_EXERCISE_
Take the entries below and print, exactly, the stretch from the line containing "Red truck on autumn highway" through the line containing "4905 Peifer Ln, Champaign, IL", both included.

_AVAILABLE RECORDS_
=======

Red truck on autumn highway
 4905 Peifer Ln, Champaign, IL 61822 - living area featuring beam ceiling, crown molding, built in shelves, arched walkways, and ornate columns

=======

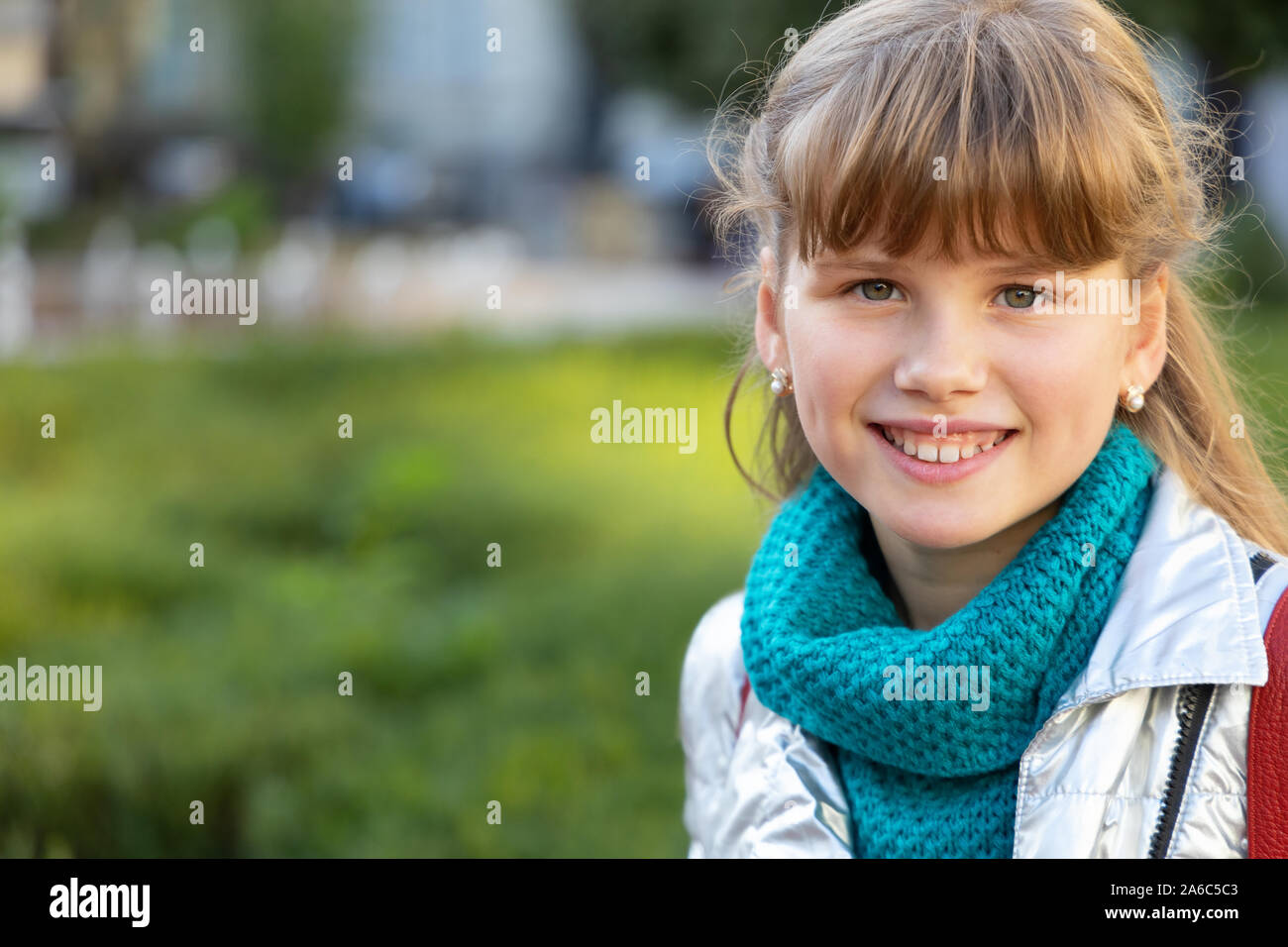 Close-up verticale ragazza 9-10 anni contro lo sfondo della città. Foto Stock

=======

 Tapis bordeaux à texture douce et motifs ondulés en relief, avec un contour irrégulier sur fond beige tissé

=======

_OUTPUT FOR THIS TASK_
Red truck on autumn highway
 4905 Peifer Ln, Champaign, IL 61822 - living area featuring beam ceiling, crown molding, built in shelves, arched walkways, and ornate columns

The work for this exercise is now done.